**Problem to work on**
Would you transcribe the entries below, beginning at the line with "set of School bus vector. isolated on white" and ending after the line with "Plaza Popocatépetl im", exactly, with no picture and nothing more?

**Listed entries**
☆ ☆ ☆ ☆ ☆ ☆ ☆

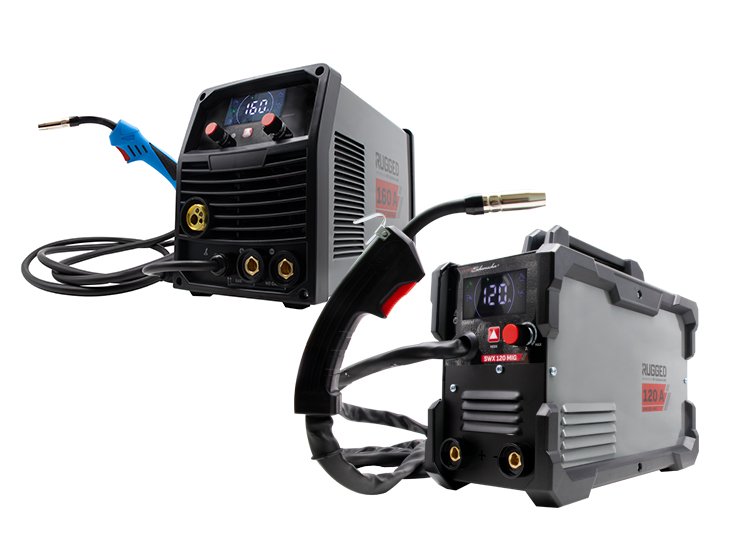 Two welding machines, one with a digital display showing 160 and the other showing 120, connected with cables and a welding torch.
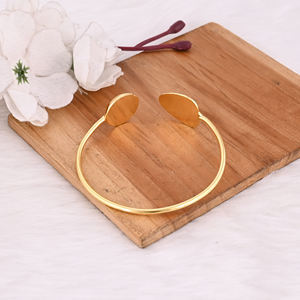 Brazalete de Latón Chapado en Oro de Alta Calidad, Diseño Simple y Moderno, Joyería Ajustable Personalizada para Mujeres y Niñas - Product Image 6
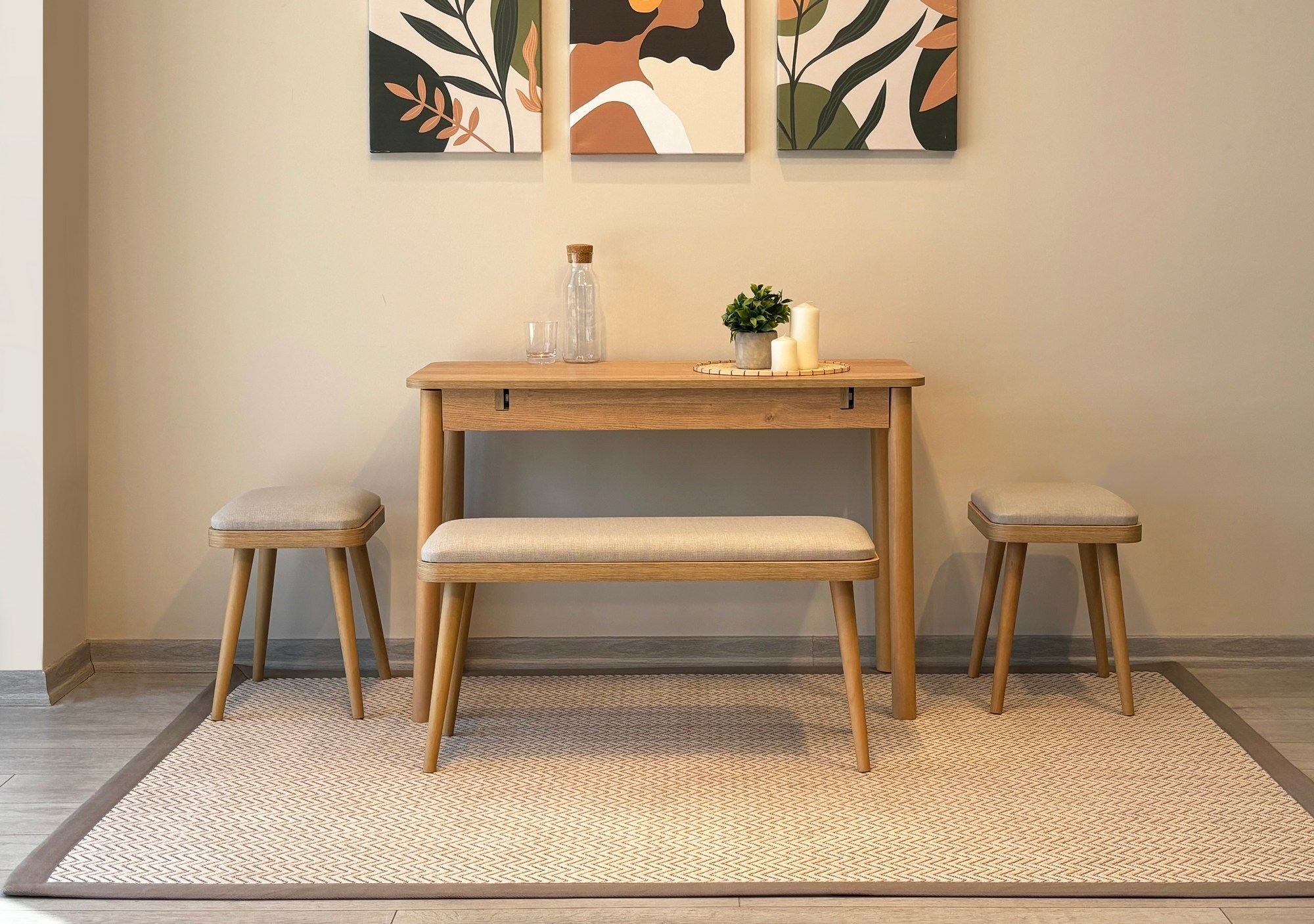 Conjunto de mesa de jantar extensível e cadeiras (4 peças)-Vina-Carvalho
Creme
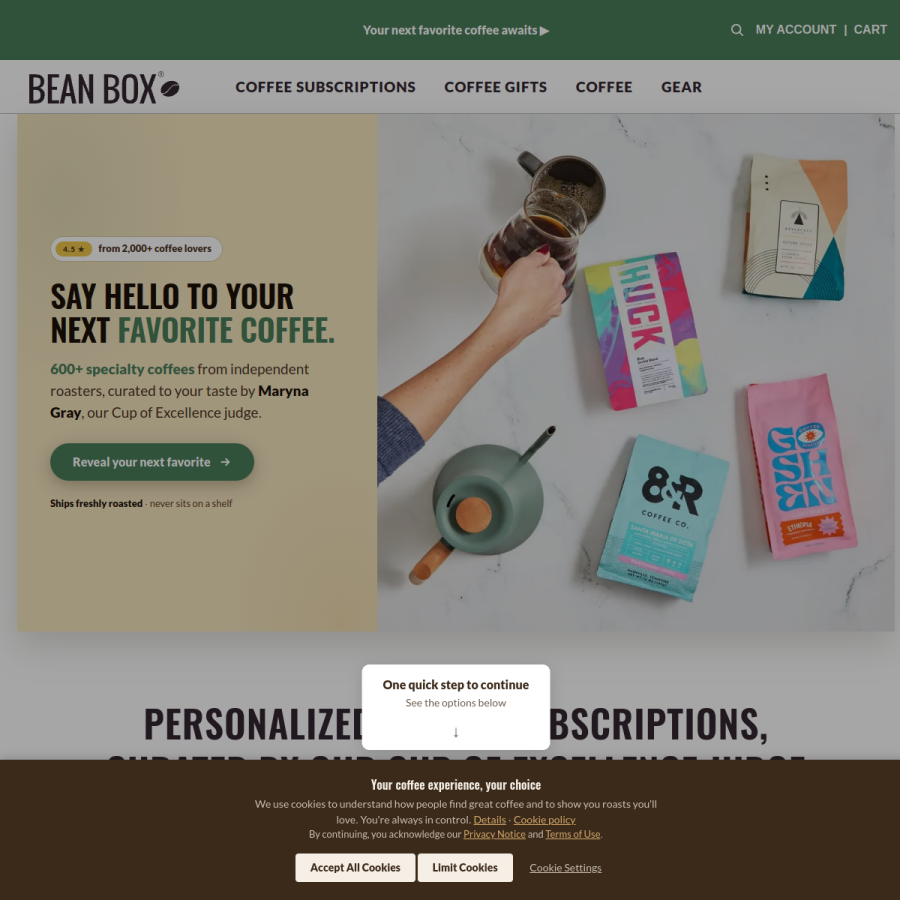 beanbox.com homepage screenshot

☆ ☆ ☆ ☆ ☆ ☆ ☆

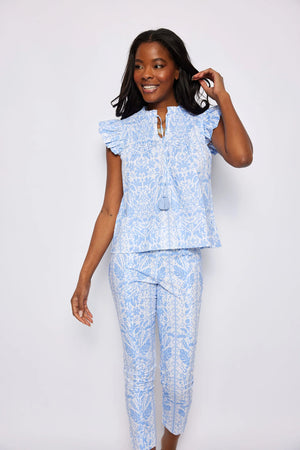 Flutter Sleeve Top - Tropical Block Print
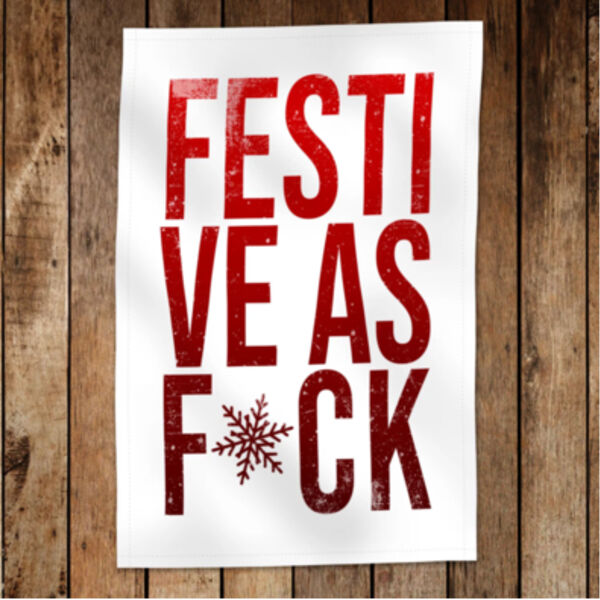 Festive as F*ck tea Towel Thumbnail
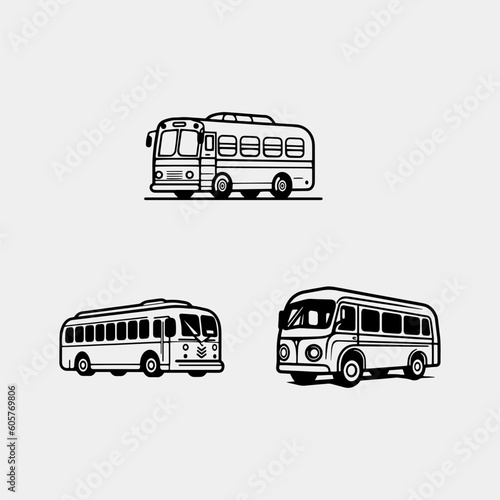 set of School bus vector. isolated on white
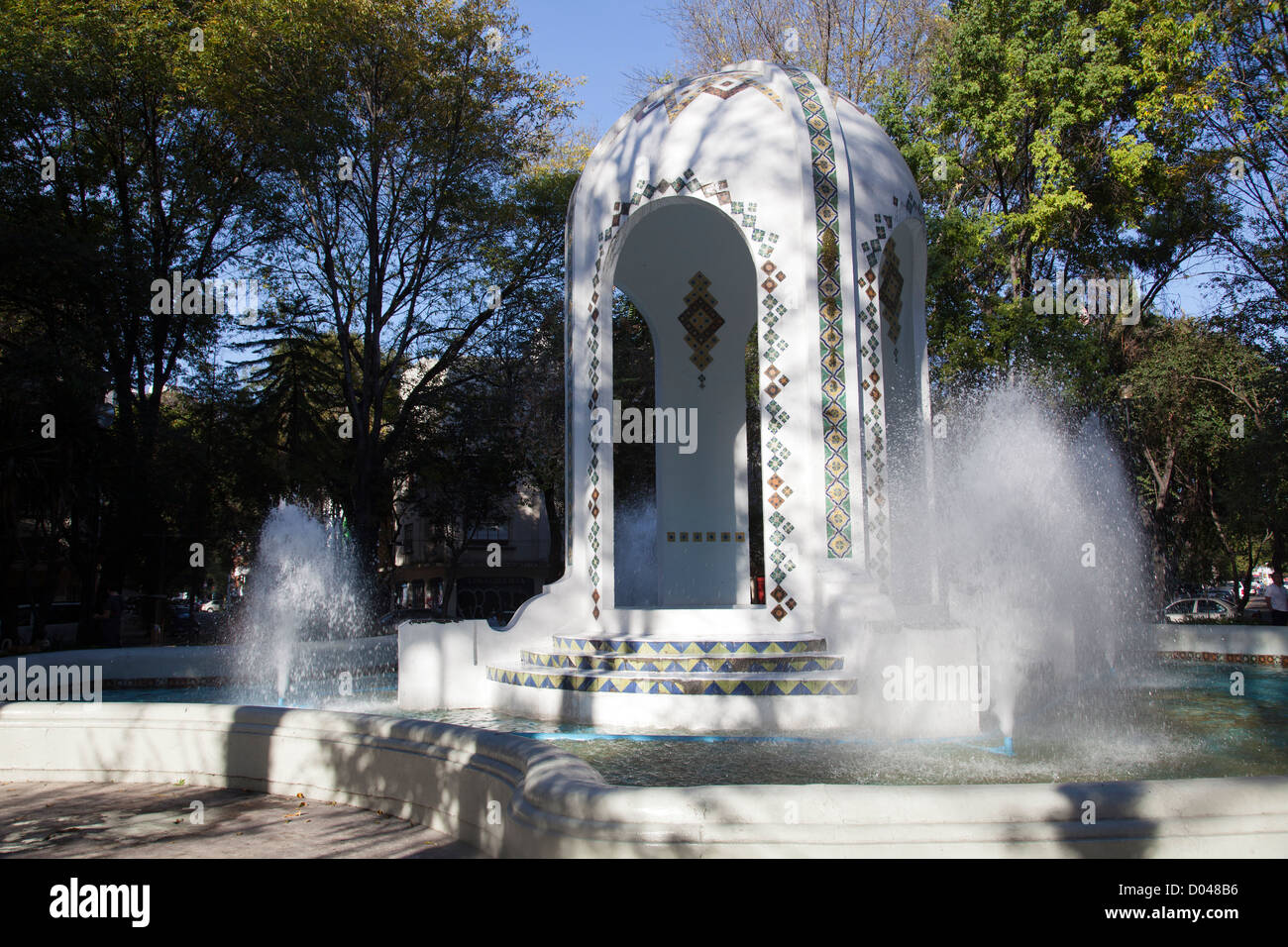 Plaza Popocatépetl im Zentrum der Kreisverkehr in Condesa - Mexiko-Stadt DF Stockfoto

☆ ☆ ☆ ☆ ☆ ☆ ☆

**Output below**
 set of School bus vector. isolated on white
 Plaza Popocatépetl im Zentrum der Kreisverkehr in Condesa - Mexiko-Stadt DF Stockfoto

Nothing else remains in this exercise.